In the present case, the SCC recognised that GSK could only purchase ranitidine from two approved sources, one of which was Adechsa, if it wanted to take advantage of the benefits offered by the Licence Agreement. This requirement was a product of Glaxo Group's control of the trademark and patent of Zantac, rather than the non-arm's length relationship between the relevant parties. Thus, this same requirement would likely apply to an arm's length distributor wishing to market Zantac.

ll. Mandatory Arbitration

Multinational companies are facing increased scrutiny of their international transactions involving related parties which is leading to assessments that result in the taxation of the same income in two jurisdictions. In some cases achieving a negotiated settlement, between the two countries, over which country should tax the income is not possible. In those cases where a settlement cannot be reached there is now a provision included in the Fifth Protocol to the Canada-US Tax Treaty that deals with arbitration of such disputes.

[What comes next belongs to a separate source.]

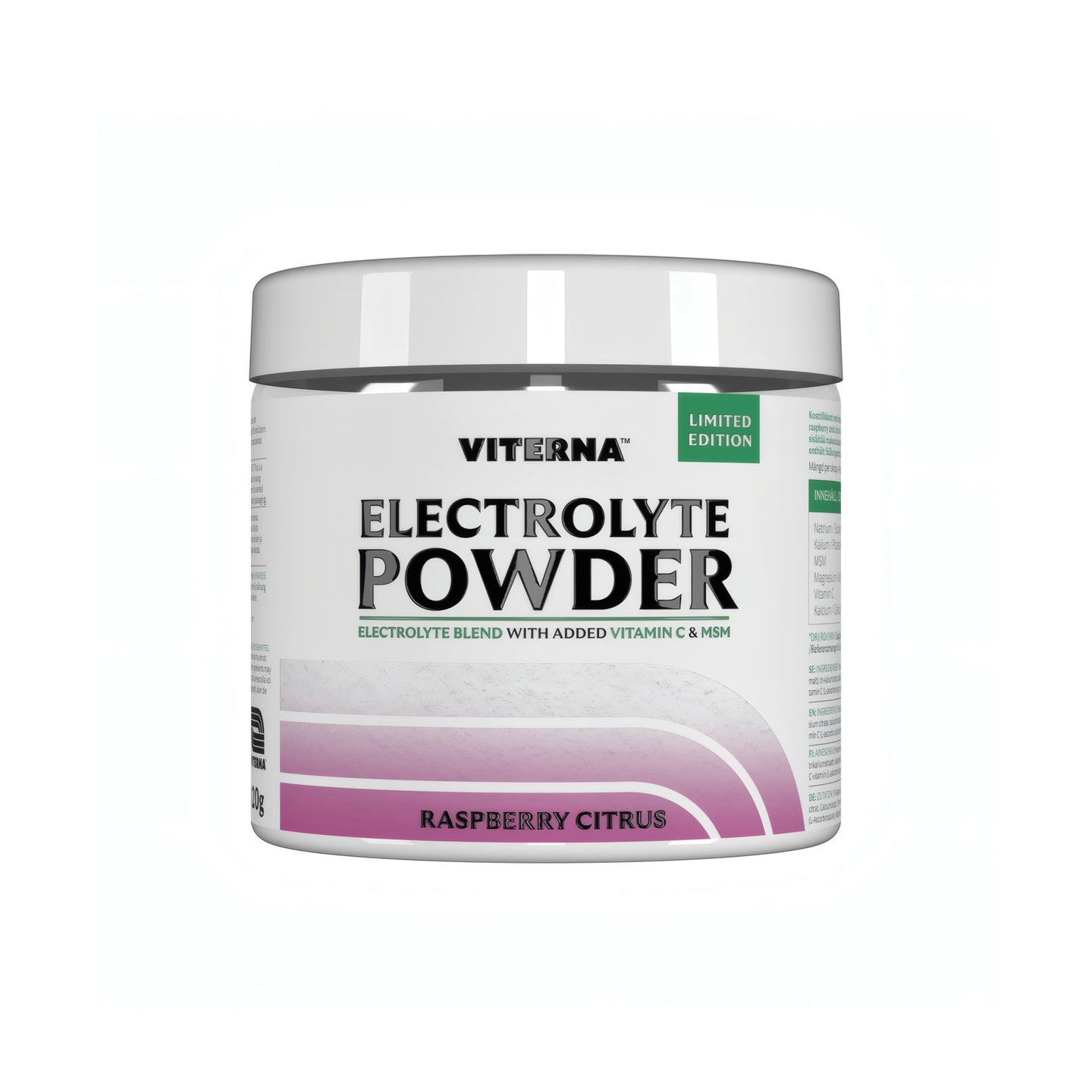 Viterna Electrolyte Powder 120 g elektrolytpulver i en vit burk med rosa och lila detaljer för smaken Raspberry Citrus., bild 6 av 7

Arbitration under the Canada-US treaty is a new option available to taxpayers who have been assessed by either the US or Canadian tax authorities on certain income including transfer pricing adjustments and where such assessments result in double tax that the two countries cannot resolve within a 24 month period. Previously, negotiations in competent authority could go on endlessly, sometimes for five or more years. Now, after a taxpayer submits all the relevant documents that the competent authorities need to negotiate the file they will only have 24 months to reach a resolution. After this time expires the taxpayer has the right to request arbitration. The arbitration provision in the Canada-US treaty contemplates that the decision be made by three arbitrators, one assigned by each country and one selected by the arbitrators. The final decision will be made using ''baseball'' arbitration wherein the arbitrators must select one of the two proposals submitted by the two governments with no changes.

The arbitration provisions in the Canada-US Treaty will motivate competent authority analysts to reach a principled decision and will hopefully reduce the number of extreme positions put forward by each country. Neither country will want the decision making process handed off to arbitrators, except in the rarest of cases, and as such will force the analysts of each country to work diligently towards a conclusion.

The CRA's most recent MAP report reflects a significant increase in the number of cases closed. We believe this is a direct result of the arbitration provisions and the lack of desire by either the CRA or the IRS to go to arbitration. The CRA and IRS do not publish any statistics on arbitration, however it is our understanding that since the arbitration provision have been in place there have been three cases heard and that all have gone in favour of the IRS. Details of the cases are not available. What we can interpret from the number of cases closed by CRA in their last fiscal year is that the governments appear motivated to avoid going to arbitration in all but rare cases. The provisions have had the intended effect of getting both the US and Canadian competent authorities to settle cases more quickly.

III. CRA Aggressively Pursues Transfer Pricing Adjustments

The CRA continues to aggressively audit international transactions, looking for taxpayers who stray too far from the ''norm''. This in fact no different than other close trading partners with Canada, see comments by President Obama in the US and recent headlines in the UK about Starbucks, Google and Amazon.com. The CRA auditors, supported by economists and senior analysts have certain benchmarks in mind when they look at an intercompany transaction. When the margins reported fall short of what is expected, a more detailed audit will be conducted and in a number of cases an adjustment will be proposed often with what looks like a ''shoot first, ask questions later'' attitude. This aggressive stance by the CRA (along with other governments around the world) is expected to continue into the foreseeable future and increases the need for business to take a balanced approach to transfer pricing and prepare detailed documentation in support of their intercompany transactions.